→ About this exercise: Only one span of the listing below should come back. It runs from the line with "<p>Marquis Dendy (far" through the line with "A menacing tree", and each of its lines must be reproduced exactly.

→ Supplied data:
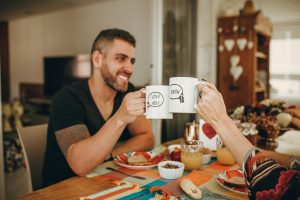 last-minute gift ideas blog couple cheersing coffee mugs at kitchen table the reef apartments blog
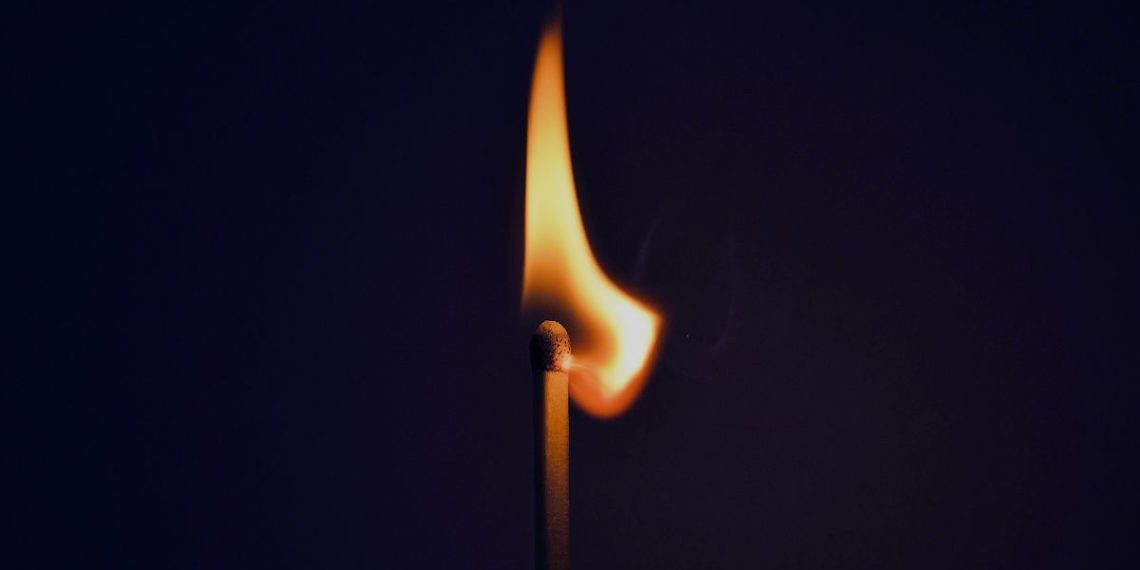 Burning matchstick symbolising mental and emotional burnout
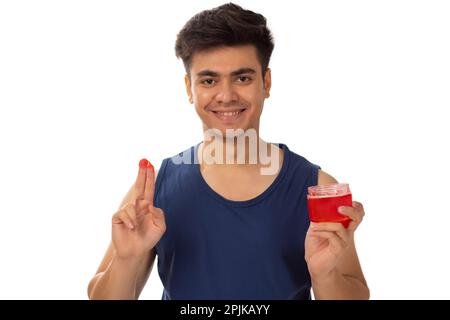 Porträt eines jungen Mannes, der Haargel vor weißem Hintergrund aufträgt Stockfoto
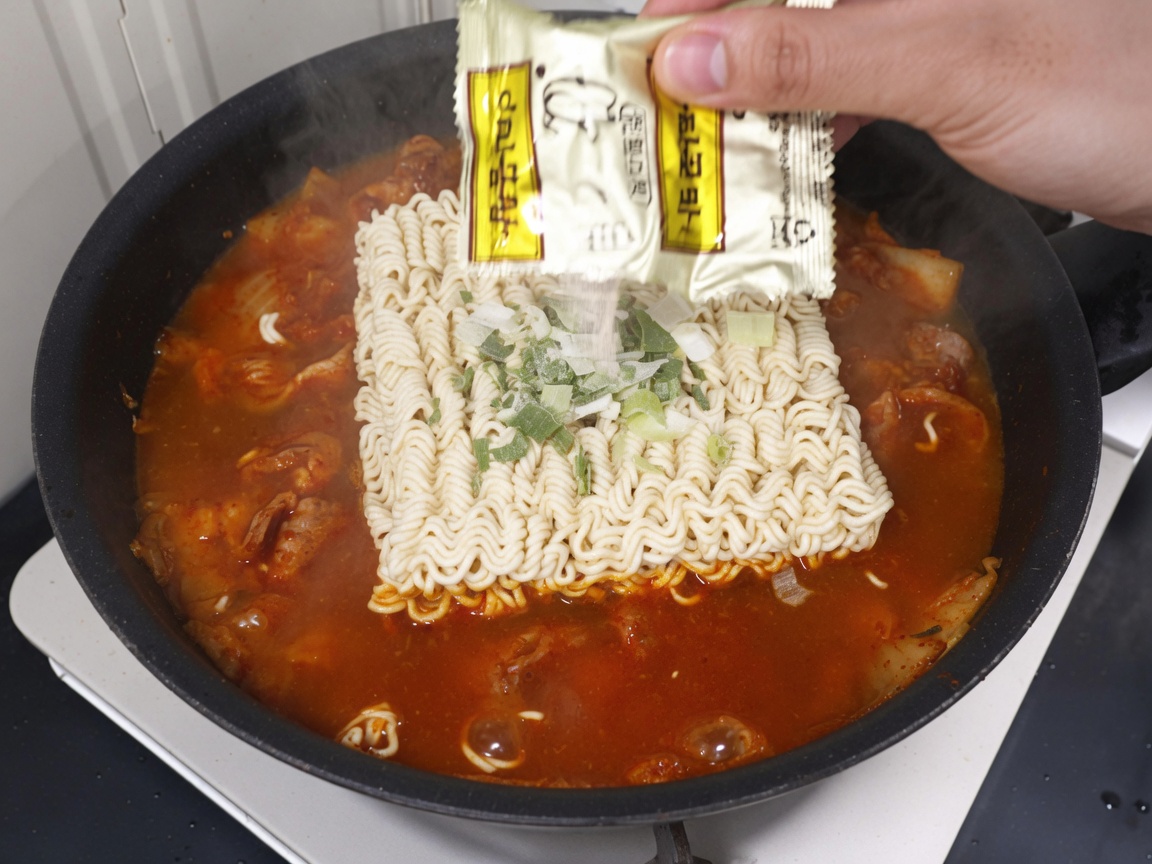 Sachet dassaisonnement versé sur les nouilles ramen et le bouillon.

--

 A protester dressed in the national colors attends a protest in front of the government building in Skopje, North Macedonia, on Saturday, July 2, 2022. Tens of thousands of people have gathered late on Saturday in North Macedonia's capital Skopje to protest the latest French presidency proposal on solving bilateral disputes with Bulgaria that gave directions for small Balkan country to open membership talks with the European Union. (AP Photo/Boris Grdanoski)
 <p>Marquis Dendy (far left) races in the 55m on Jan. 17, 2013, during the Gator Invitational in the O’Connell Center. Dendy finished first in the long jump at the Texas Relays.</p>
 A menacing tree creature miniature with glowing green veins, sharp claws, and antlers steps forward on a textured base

→ Answer space:
 <p>Marquis Dendy (far left) races in the 55m on Jan. 17, 2013, during the Gator Invitational in the O’Connell Center. Dendy finished first in the long jump at the Texas Relays.</p>
 A menacing tree creature miniature with glowing green veins, sharp claws, and antlers steps forward on a textured base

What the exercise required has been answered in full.